To solve the system of equations by graphing, we first need to rewrite the equations in slope-intercept form (y = mx + b) for easier graphing.
The given equations are:
- \( x + 2y = -6 \)
- \( x + y = -1 \)
Step 1: Rearranging into slope-intercept form
For the first equation: \[ x + 2y = -6 \] Subtract \( x \) from both sides: \[ 2y = -x - 6 \] Now divide by 2: \[ y = -\frac{1}{2}x - 3 \]
For the second equation: \[ x + y = -1 \] Subtract \( x \) from both sides: \[ y = -x - 1 \]
Step 2: Graph the equations
Now we have the two equations in slope-intercept form:
- \( y = -\frac{1}{2}x - 3 \)
- \( y = -x - 1 \)
Graphing the first equation \( y = -\frac{1}{2}x - 3 \):
- The y-intercept is -3 (the point (0, -3)).
- The slope is -1/2, which means for each 2 units you move right (positive x), you move 1 unit down (negative y).
Graphing the second equation \( y = -x - 1 \):
- The y-intercept is -1 (the point (0, -1)).
- The slope is -1, which means for each 1 unit you move right, you move 1 unit down.
Step 3: Finding the intersection point
To find the solution to the system of equations, we need to find the point where the lines intersect.
From graphing, we can identify the intersection point. Alternatively, we can set the equations equal to each other to find this point algebraically.

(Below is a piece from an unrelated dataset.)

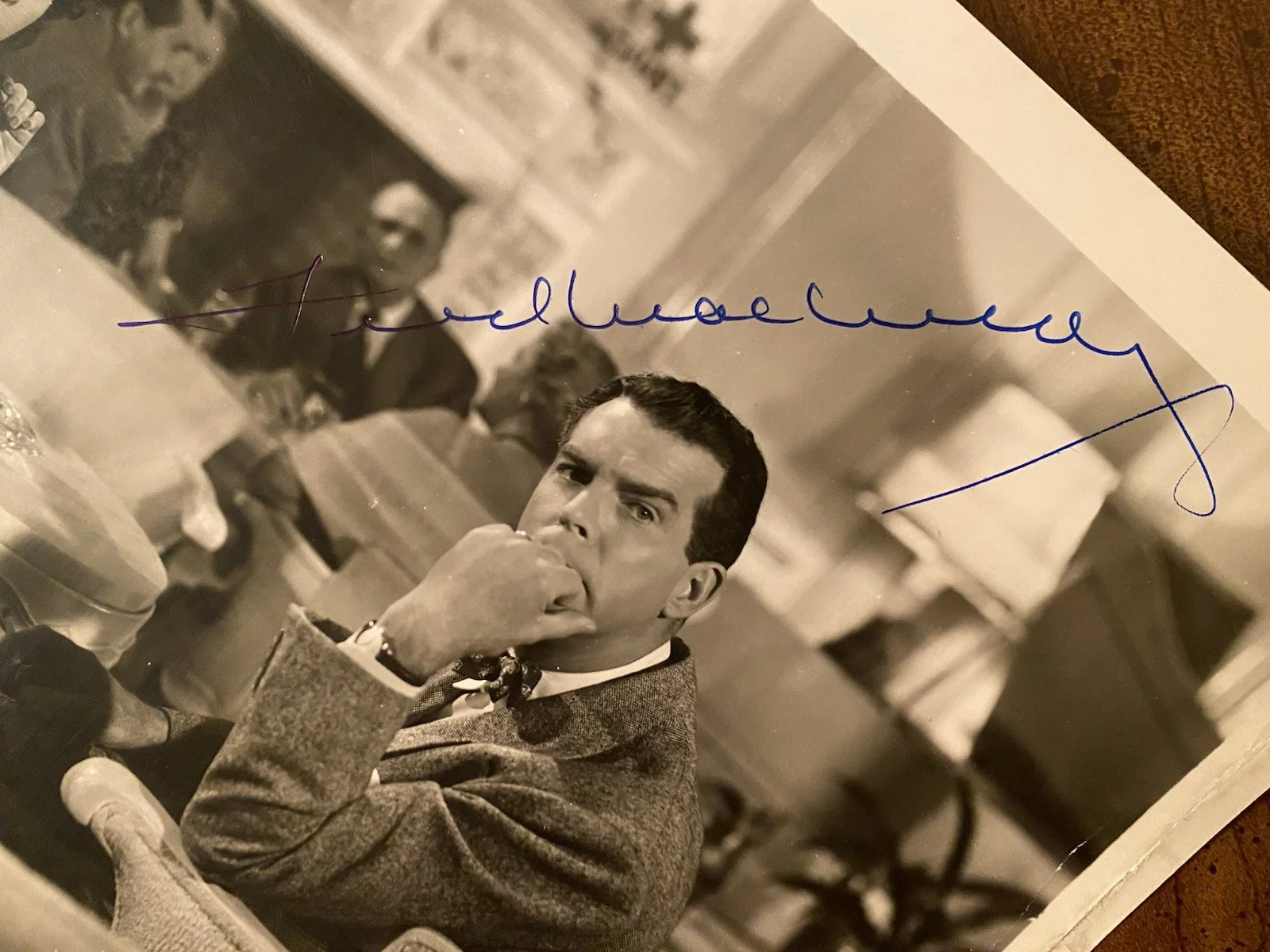 Fred MacMurray — Fred MacMurray Signed Autographed Vintage Photo w/ COA A Millionaire For Christy, image 2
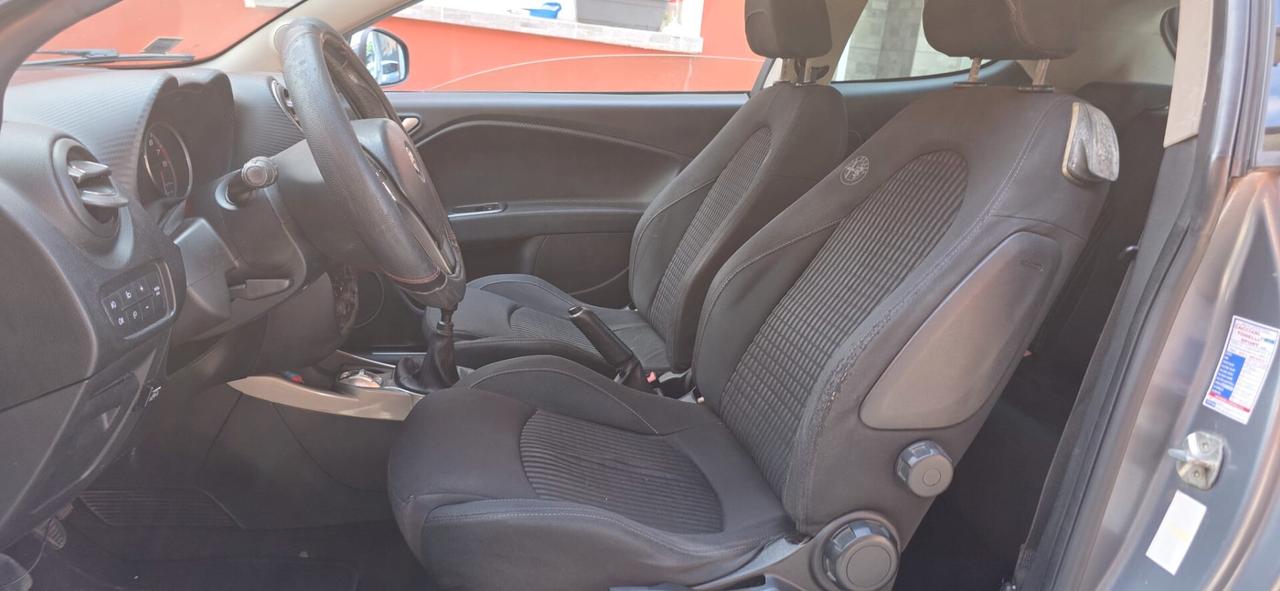 Alfa Romeo MiTo 1.4 78 CV Distinctive Sport Pack neop gpl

Setting the two equations equal: \[ -\frac{1}{2}x - 3 = -x - 1 \]
Multiplying through by -2 to eliminate the fraction gives: \[ x + 6 = 2x + 2 \] Now, rearranging gives: \[ 6 - 2 = 2x - x \] \[ 4 = x \]
Now substituting \( x = 4 \) back into one of the original equations to find \( y \): Using \( x + y = -1 \): \[ 4 + y = -1 \] Subtracting 4 from both sides gives: \[ y = -5 \]
Conclusion
The solution to the system of equations is: \[ \boxed{(4, -5)} \]
This is the point where the two lines intersect on the graph.